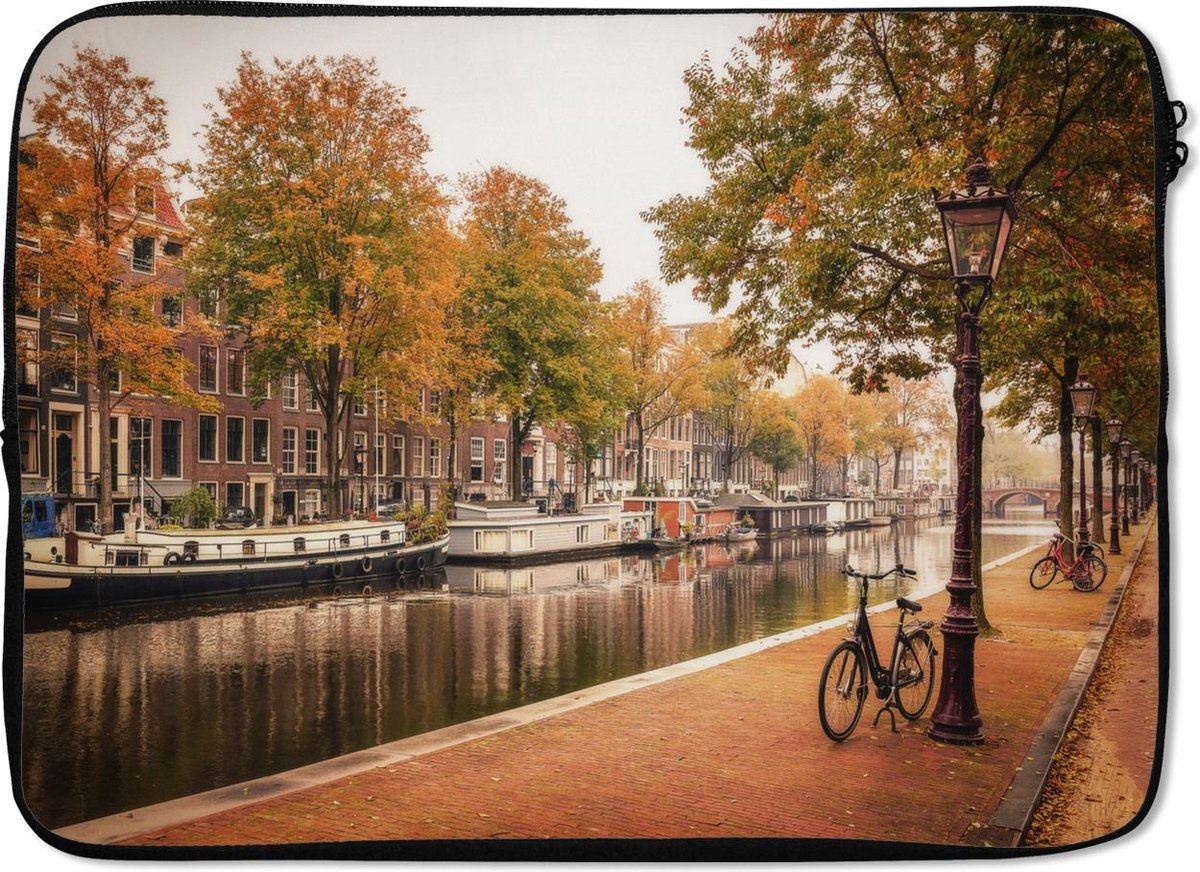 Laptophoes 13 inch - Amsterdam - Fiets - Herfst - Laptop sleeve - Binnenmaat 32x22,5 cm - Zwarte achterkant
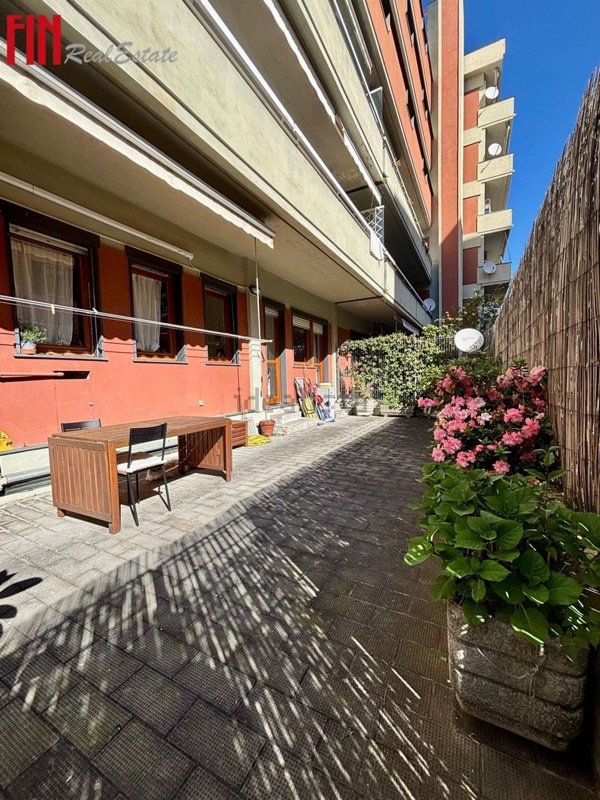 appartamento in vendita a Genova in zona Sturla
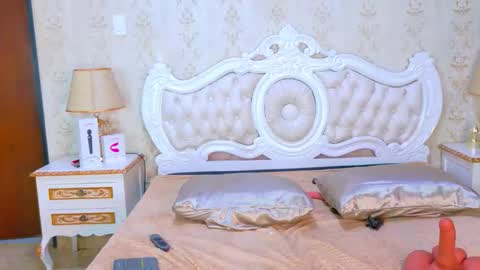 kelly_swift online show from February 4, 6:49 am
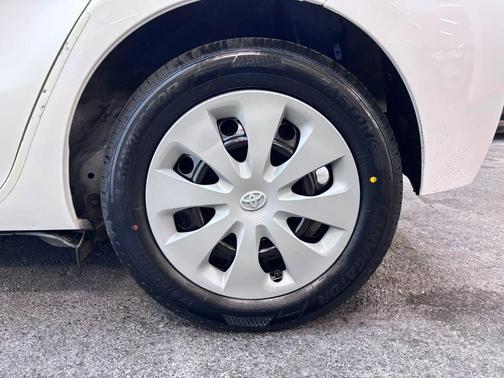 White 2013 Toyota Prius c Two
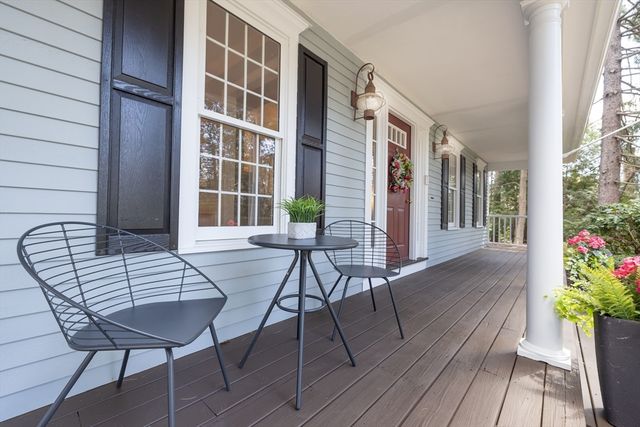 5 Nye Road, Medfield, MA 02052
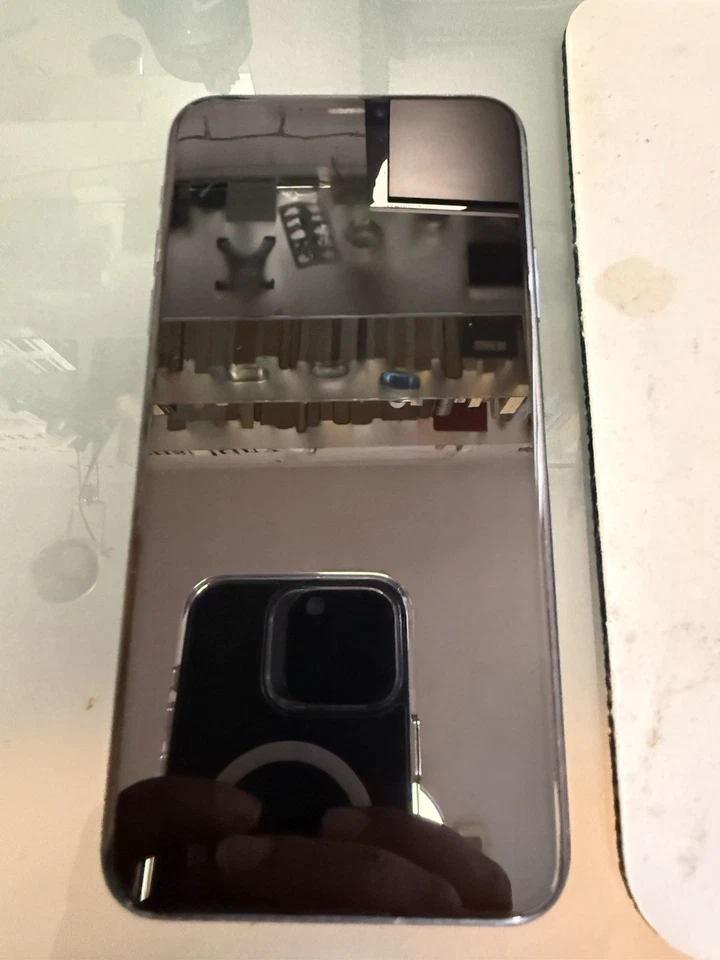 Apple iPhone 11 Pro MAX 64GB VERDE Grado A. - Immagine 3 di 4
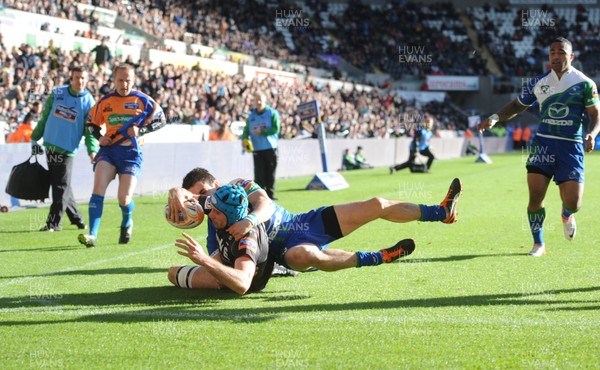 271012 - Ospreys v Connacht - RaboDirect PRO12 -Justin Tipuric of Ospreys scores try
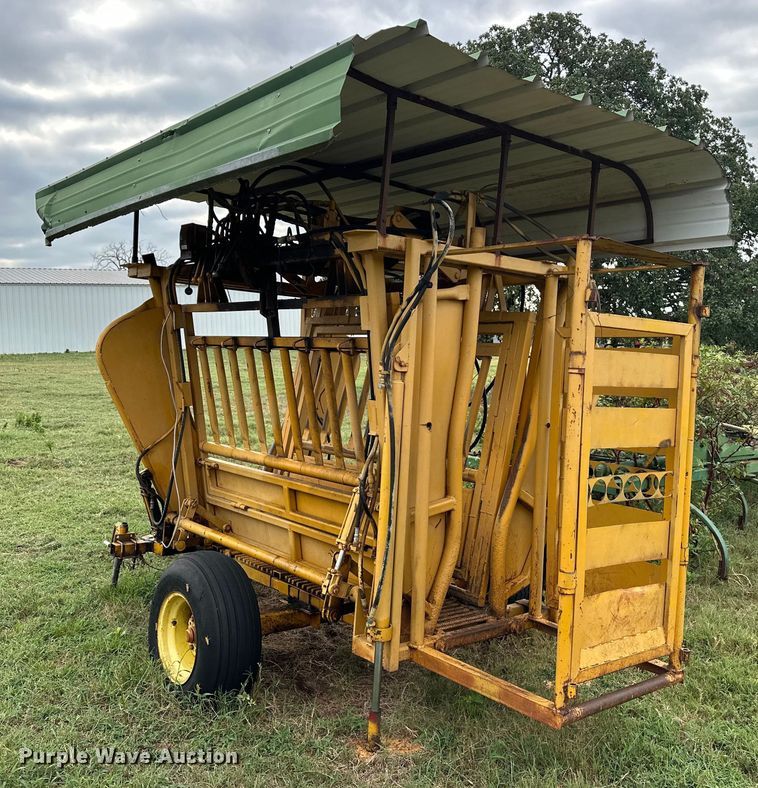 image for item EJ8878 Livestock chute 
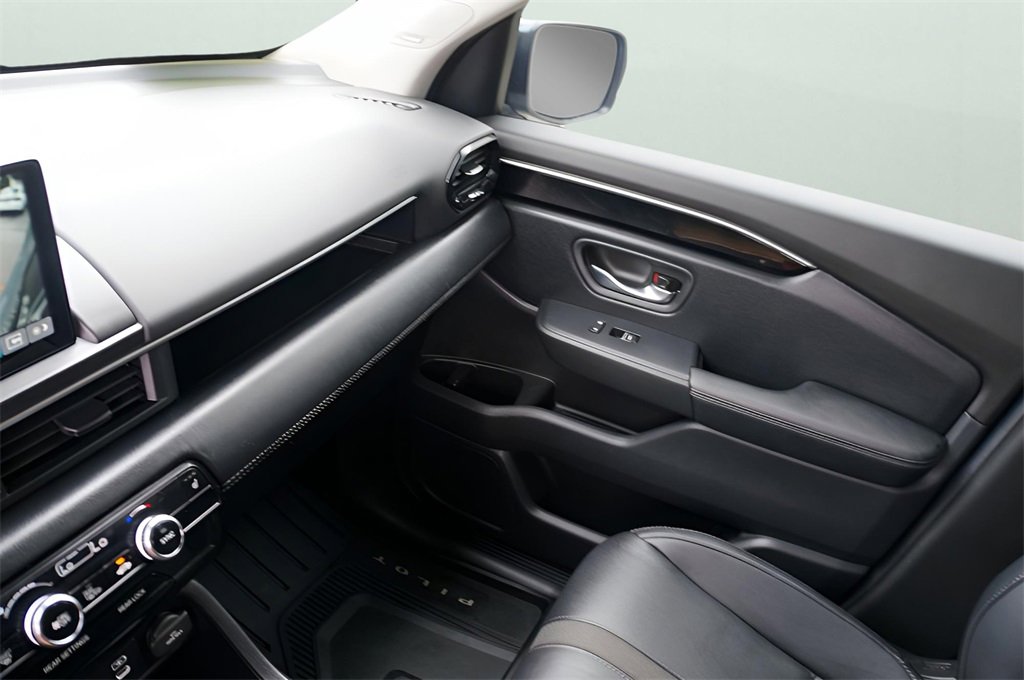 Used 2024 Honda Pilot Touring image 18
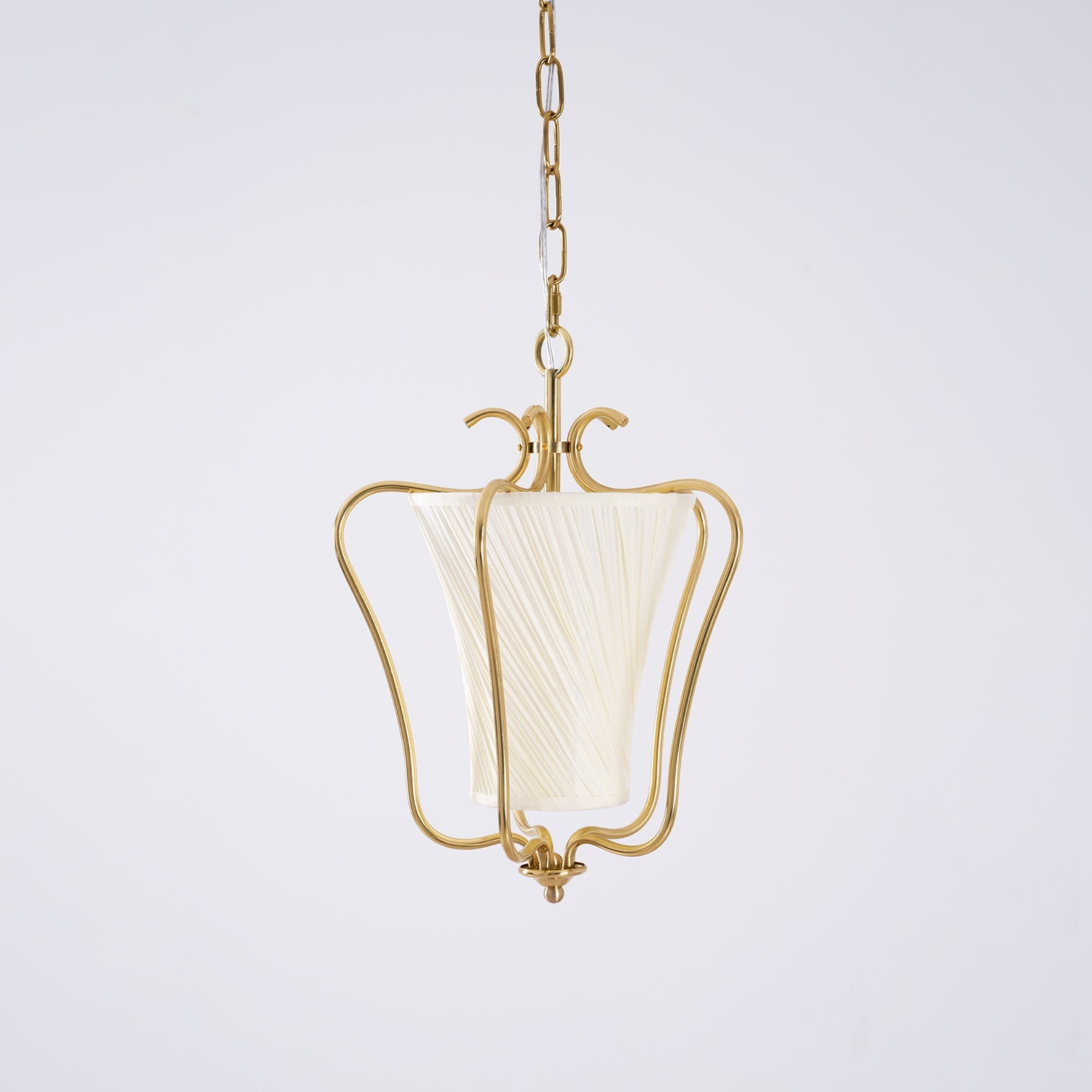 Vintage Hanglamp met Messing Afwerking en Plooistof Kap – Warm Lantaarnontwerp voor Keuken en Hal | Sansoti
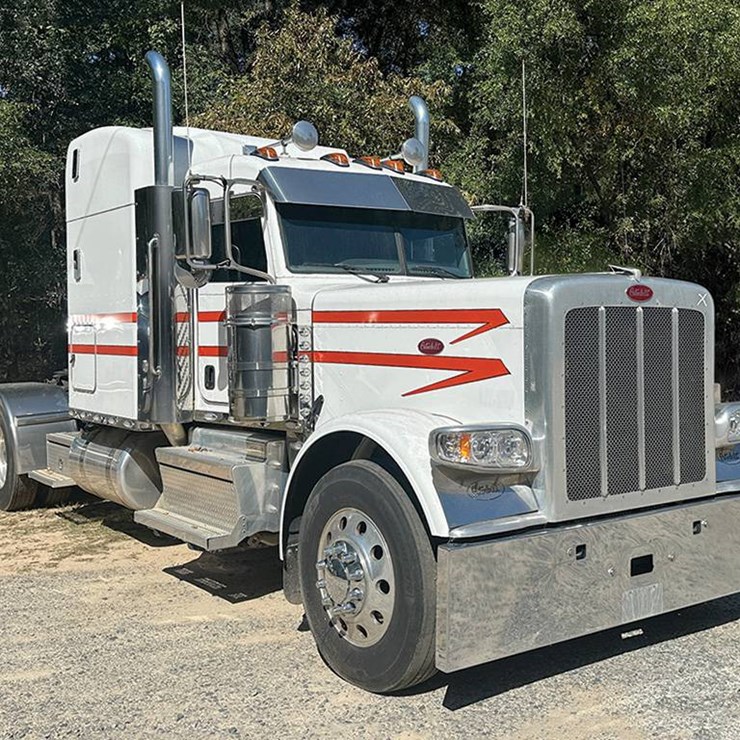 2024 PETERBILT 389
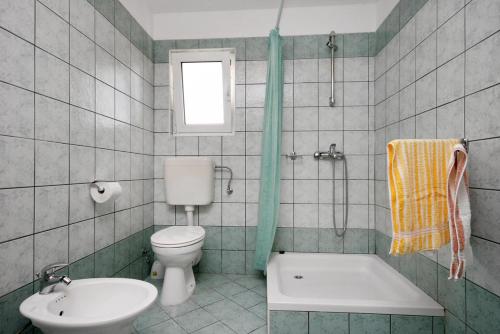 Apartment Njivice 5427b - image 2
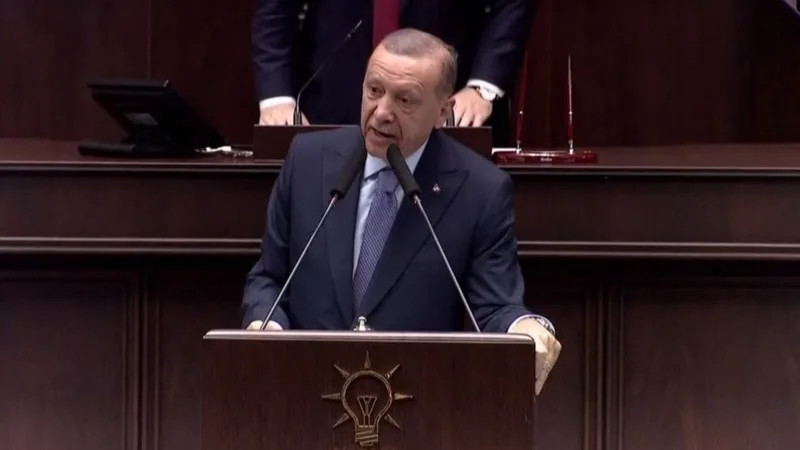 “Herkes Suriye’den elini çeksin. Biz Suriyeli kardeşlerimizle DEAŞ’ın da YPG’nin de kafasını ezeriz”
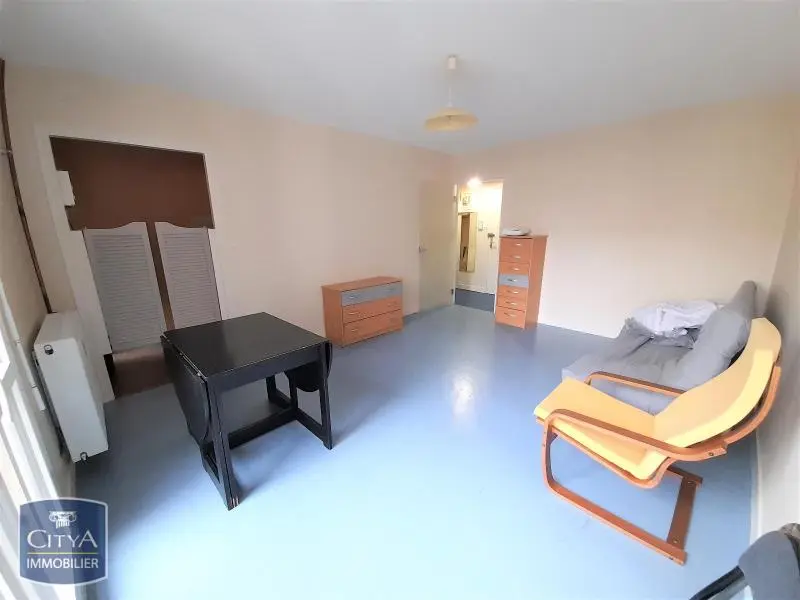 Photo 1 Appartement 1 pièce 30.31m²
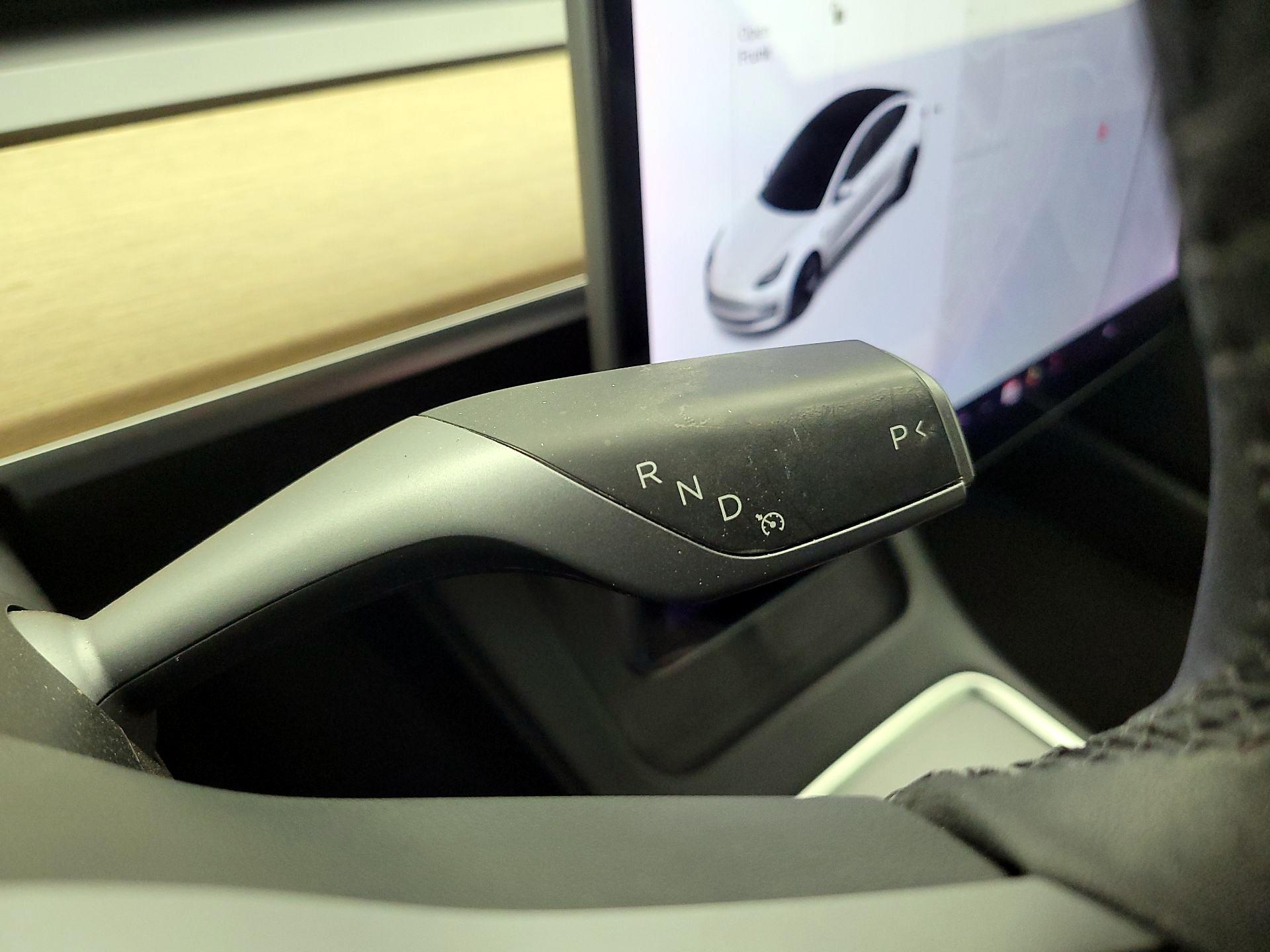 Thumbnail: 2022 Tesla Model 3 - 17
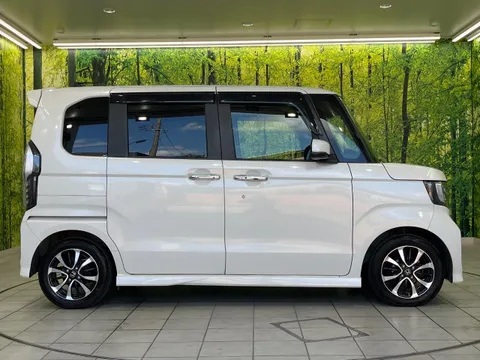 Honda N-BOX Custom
⁂
Return the complete material above exactly, with no picture.

 Laptophoes 13 inch - Amsterdam - Fiets - Herfst - Laptop sleeve - Binnenmaat 32x22,5 cm - Zwarte achterkant
 appartamento in vendita a Genova in zona Sturla
 kelly_swift online show from February 4, 6:49 am
 White 2013 Toyota Prius c Two
 5 Nye Road, Medfield, MA 02052
 Apple iPhone 11 Pro MAX 64GB VERDE Grado A. - Immagine 3 di 4
 271012 - Ospreys v Connacht - RaboDirect PRO12 -Justin Tipuric of Ospreys scores try
 image for item EJ8878 Livestock chute 
 Used 2024 Honda Pilot Touring image 18
 Vintage Hanglamp met Messing Afwerking en Plooistof Kap – Warm Lantaarnontwerp voor Keuken en Hal | Sansoti
 2024 PETERBILT 389
 Apartment Njivice 5427b - image 2
 “Herkes Suriye’den elini çeksin. Biz Suriyeli kardeşlerimizle DEAŞ’ın da YPG’nin de kafasını ezeriz”
 Photo 1 Appartement 1 pièce 30.31m²
 Thumbnail: 2022 Tesla Model 3 - 17
 Honda N-BOX Custom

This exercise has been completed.